FLUX.2 [klein] 4B
Black Forest Labs' fastest open-source image generation model - 4B parameters, Apache 2.0 license, sub-second generation on consumer GPUs with 13GB VRAM.
![FLUX.2 [klein] 4B](https://awesomeagents.ai/images/models/flux-2-klein-4b_hu_fb2b6d759eb8633a.jpg)
FLUX.2 [klein] 4B is the smallest and fastest model in Black Forest Labs' second-generation image family. At 4 billion parameters with 4-step distilled inference, it generates images in under one second on an NVIDIA GB200 and roughly 1.2 seconds on a consumer RTX 5090. It fits in 8.4 GB of VRAM (distilled) or 9.2 GB (base), making it the first model in the FLUX.2 lineup that runs comfortably on mid-range consumer GPUs. And it ships under Apache 2.0 - fully open for commercial use.
TL;DR
- 4B parameter rectified flow transformer, distilled to 4 inference steps for sub-second generation
- Apache 2.0 license - fully open weights, commercial use allowed, fine-tuning supported
- 8.4 GB VRAM (distilled), runs on RTX 3090/4070 and above (~13 GB with CPU offloading)
- Unified architecture: text-to-image, image-to-image editing, and multi-reference in one model
- 30%+ faster than any competing model at comparable quality per Black Forest Labs' claims
The model matters for two reasons.

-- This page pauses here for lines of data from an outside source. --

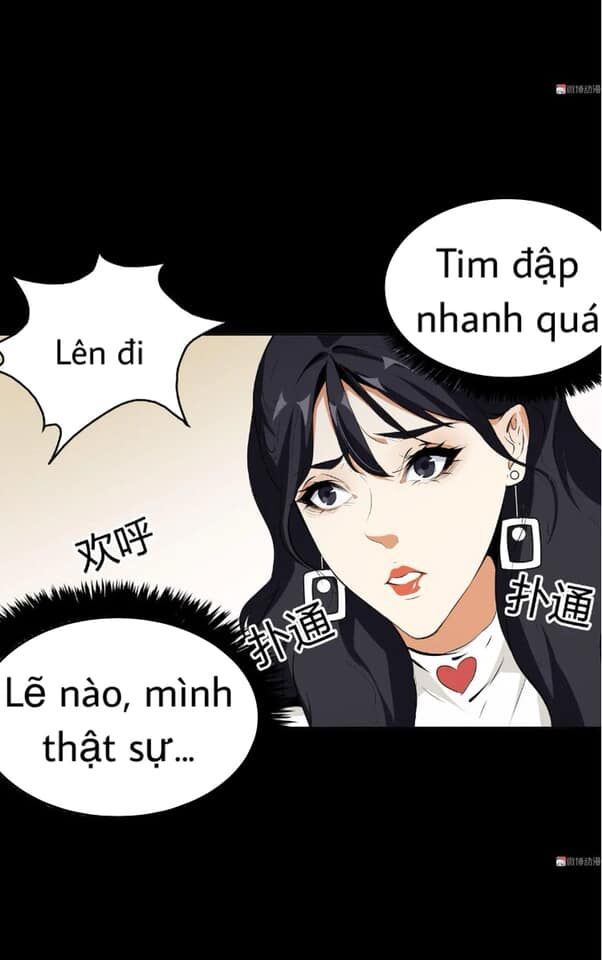 Giày Thủy Tinh Chapter 37.5 - 7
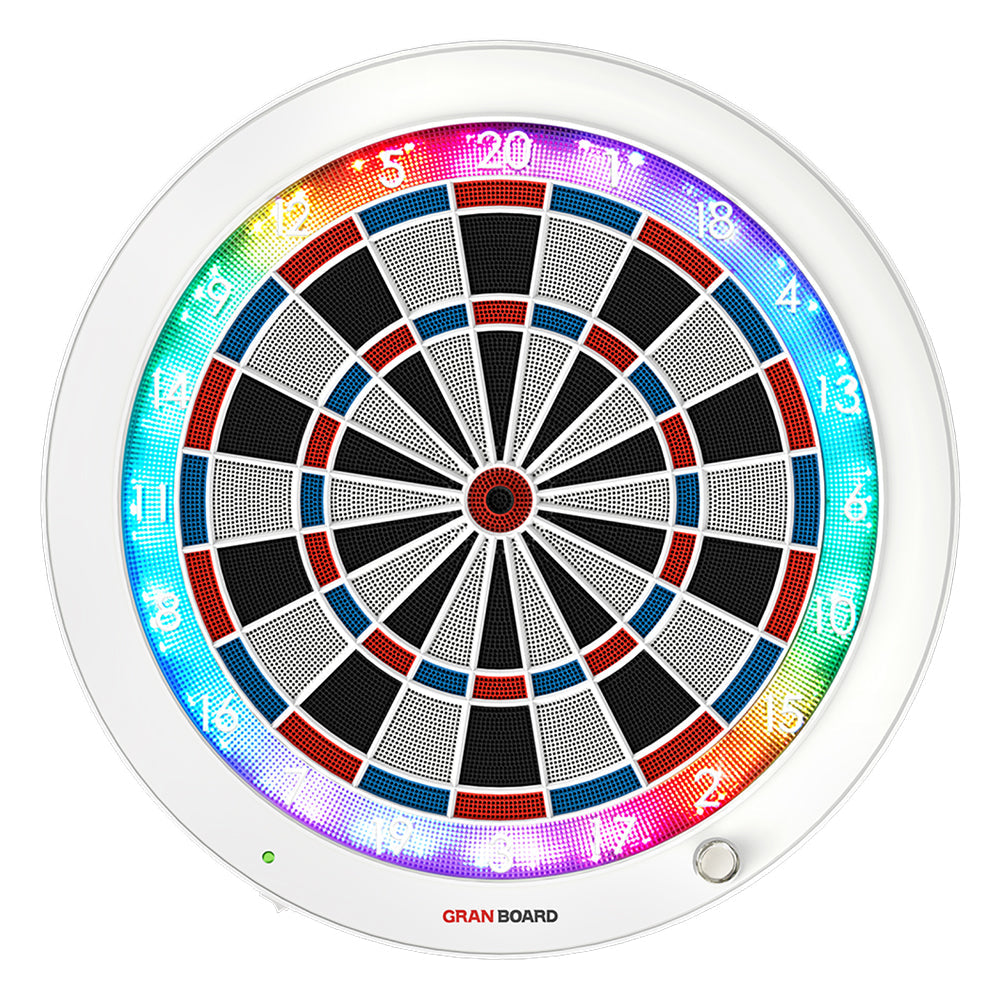 GRANBOARD – GRAN DARTS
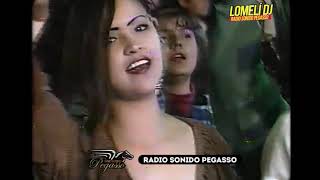 1995 - Los Rehenes - UN TITERE - En Vivo - Orale Primo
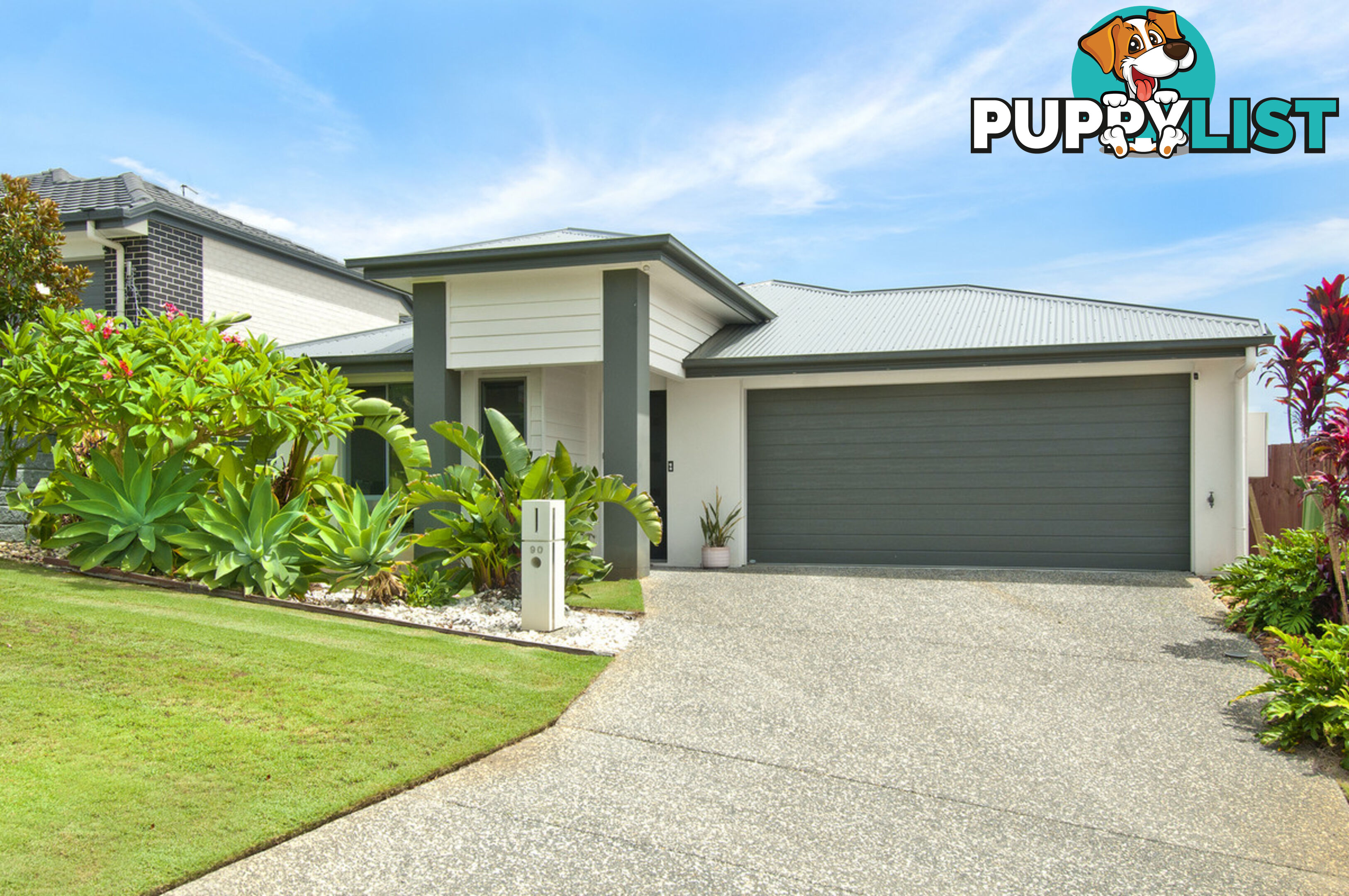 90 Wollombi Avenue ORMEAU HILLS QLD 4208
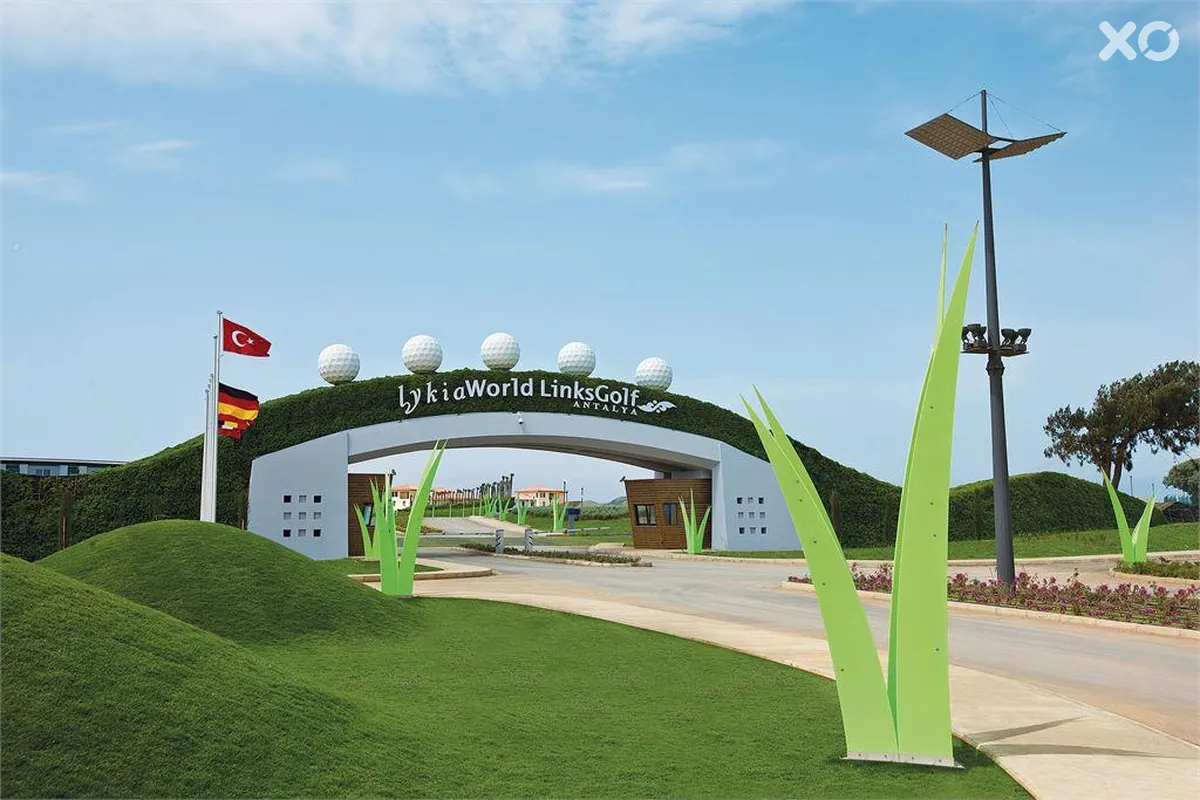 Lykia World Antalya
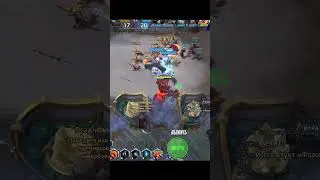 #heroesofthestorm #хотс #hots #shorts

First, it brings the FLUX.2 architecture - which couples a rectified flow transformer with Mistral-3's 24B vision-language model for world knowledge - down to a size that individual developers and small teams can actually run locally. Second, the Apache 2.0 license removes every commercial restriction that held back FLUX.1's non-commercial variants. You can fine-tune it, deploy it in production, and sell the outputs without licensing friction.
Key Specifications
| Specification | Details |
|---|---|
| Provider | Black Forest Labs |
| Model Family | FLUX.2 |
| Parameters | 4 billion |
| Architecture | Rectified flow transformer + Mistral-3 24B VLM |
| Distillation | 4-step (distilled variant) |
| VRAM (Distilled) | 8.4 GB |
| VRAM (Base) | 9.2 GB |
| VRAM (with offloading) | ~13 GB on consumer GPUs |
| Inference Speed (GB200) | ~0.3 seconds |
| Inference Speed (RTX 5090) | ~1.2 seconds |
| Base Inference (GB200) | ~3 seconds |
| Base Inference (RTX 5090) | ~17 seconds |
| Default Resolution | 1024x1024 |
| Guidance Scale | 1.0 (default) |
| Inference Steps | 4 (distilled) |
| Release Date | January 15, 2026 |
| License | Apache 2.0 |
| Open Weights | Yes (Hugging Face) |
Benchmark Performance
| Metric | FLUX.2 klein 4B | FLUX.2 klein 9B | FLUX.2 Dev (32B) | Nano Banana 2 |
|---|---|---|---|---|
| Parameters | 4B | 9B | 32B | Not disclosed |
| Inference (GB200) | ~0.3s | ~0.5s | 2-4s | 4-6s |
| VRAM | 8.4 GB | 19.6 GB | 80+ GB (full) | Cloud only |
| License | Apache 2.0 | Non-commercial | Non-commercial | Proprietary |
| Fine-tuning | Yes | Limited | Yes (LoRA) | No |
| Multi-reference | Yes | Yes | Yes (up to 10) | Yes (up to 10) |
| Text Rendering | Basic | Improved | ~60% | ~90% |
FLUX.2 [klein] 4B trades quality for speed. Text rendering is noticeably weaker than the larger FLUX.2 variants and far behind Nano Banana 2's ~90% accuracy. Photorealism and fine detail also drop compared to the 9B and 32B siblings. But for latency-critical workflows - real-time previews, interactive editing, batch processing - the sub-second generation time is unmatched.
Key Capabilities
Unified Architecture
Unlike previous FLUX releases that required separate models for generation and editing, FLUX.2 [klein] 4B handles text-to-image generation, image-to-image editing, and multi-reference composition in a single model. You load one set of weights and switch between modes through the prompt.
Consumer GPU Deployment
The 8.4 GB VRAM footprint (distilled) fits within the budget of an RTX 4070, RTX 3090, or any GPU with 13+ GB when using CPU offloading via enable_model_cpu_offload(). This makes it the most accessible high-quality open image model available - no cloud GPU rental required.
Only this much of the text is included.